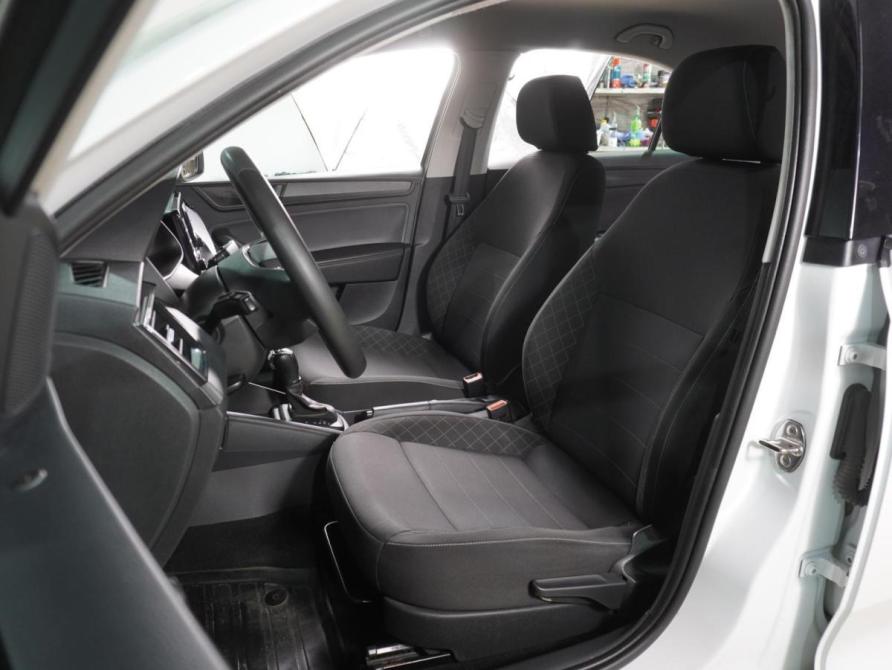 Skoda Rapid II Воронеж  - изображение 10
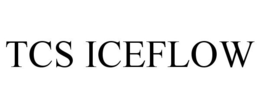TCS ICEFLOW trademark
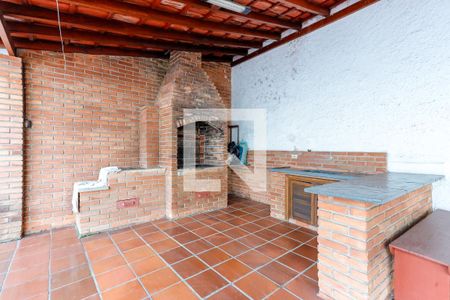 Casa à venda com 340m², 3 quartos e 6 vagasChurrasqueira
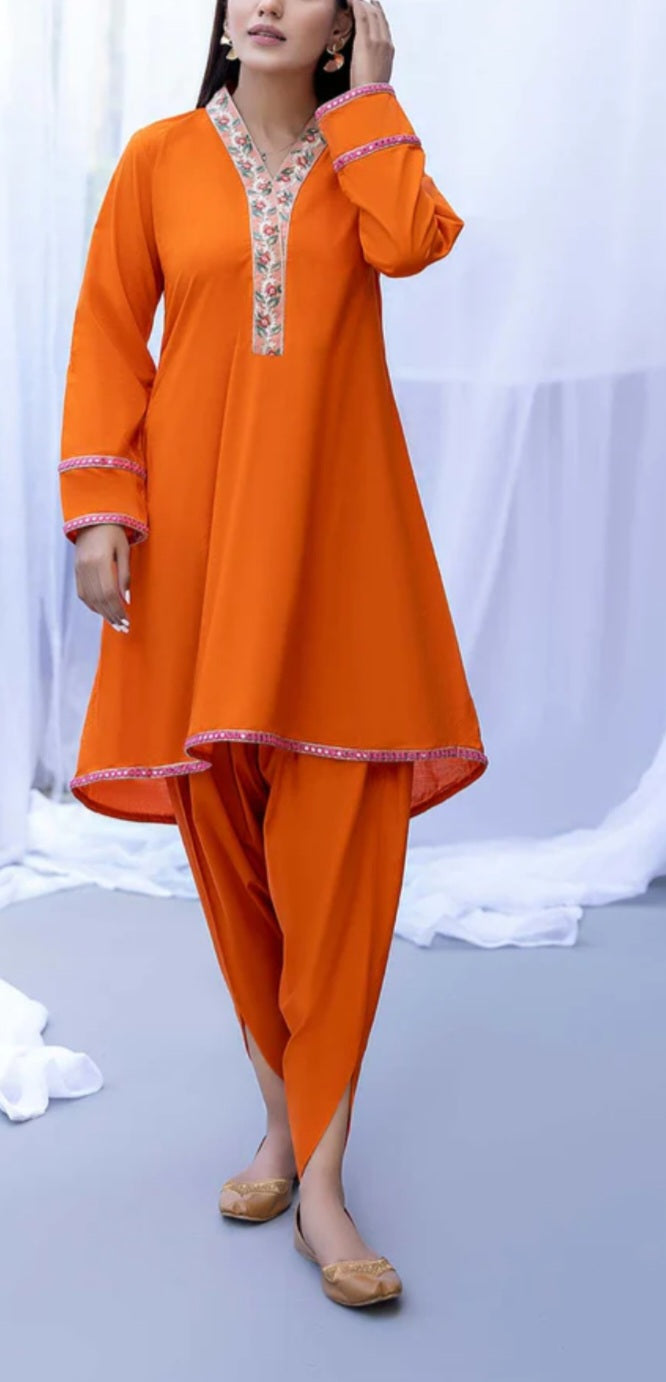 Pakistani/Indian traditional women clothing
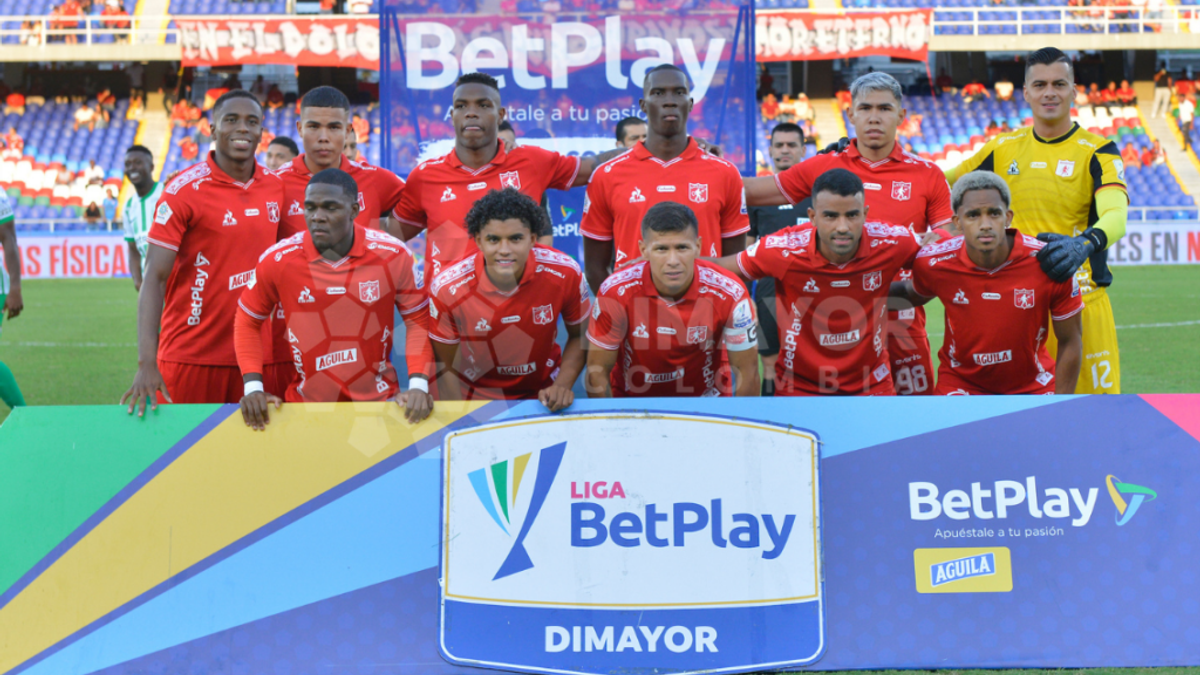 América de Cali busca refuerzos para el 2026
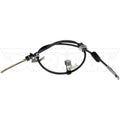 BRAKE CABLE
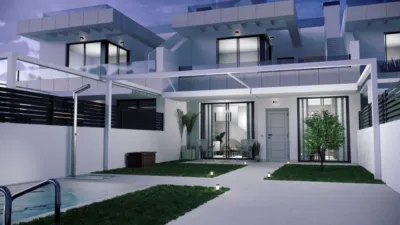 Casa – Rojales - Vista 2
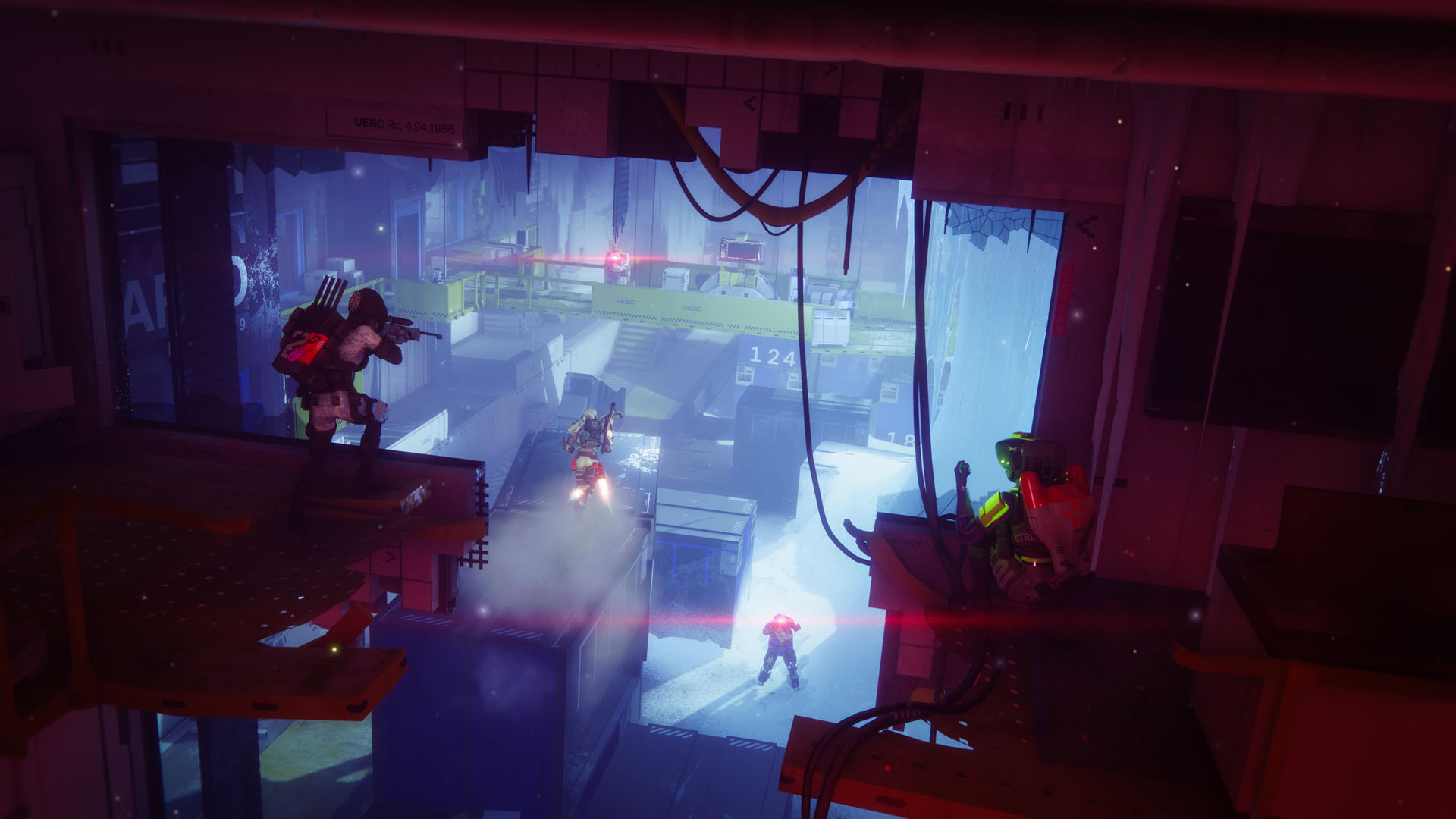 Welcome to Cryo Archive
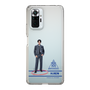 スリムプロテクションケース［ スマートフォンケース<制服ver.> - H.REN ］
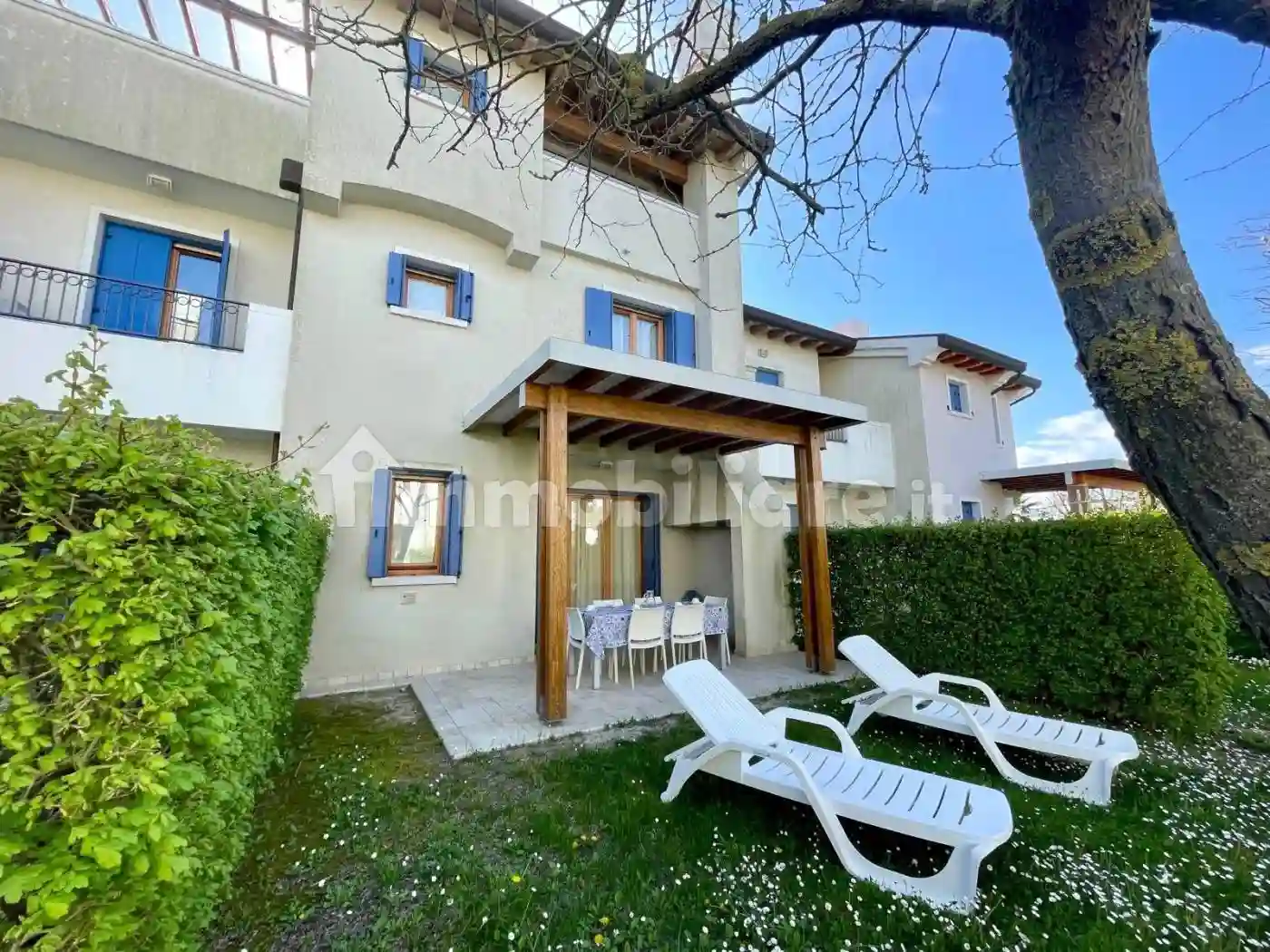 Villetta a schiera - foto 2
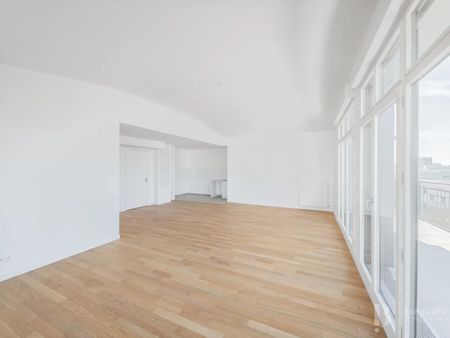 Tout savoir sur cet appartement dans le quartier Marceau - République, à Courbevoie - Photo 4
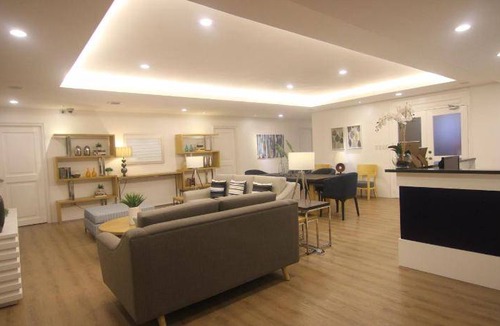 Palanan Hotel | 40 m² Hotel ∙ 4 guests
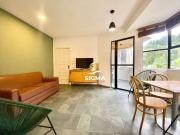 Apartamento para Venda em Guarujá/SP Jardim Astúrias 2...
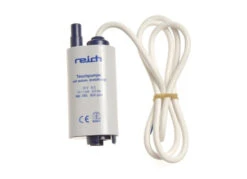 Reich Dompelpomp 12L Met Ontluchting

════════════════

What this task involves ->
Leave the pictures out, and retype exactly the lines from the one containing "América de Cali busca refuerzos para el 2026" through the last line of the entries above, both included.

Result of the exercise ->
 América de Cali busca refuerzos para el 2026
 BRAKE CABLE
 Casa – Rojales - Vista 2
 Welcome to Cryo Archive
 スリムプロテクションケース［ スマートフォンケース<制服ver.> - H.REN ］
 Villetta a schiera - foto 2
 Tout savoir sur cet appartement dans le quartier Marceau - République, à Courbevoie - Photo 4
 Palanan Hotel | 40 m² Hotel ∙ 4 guests
 Apartamento para Venda em Guarujá/SP Jardim Astúrias 2...
 Reich Dompelpomp 12L Met Ontluchting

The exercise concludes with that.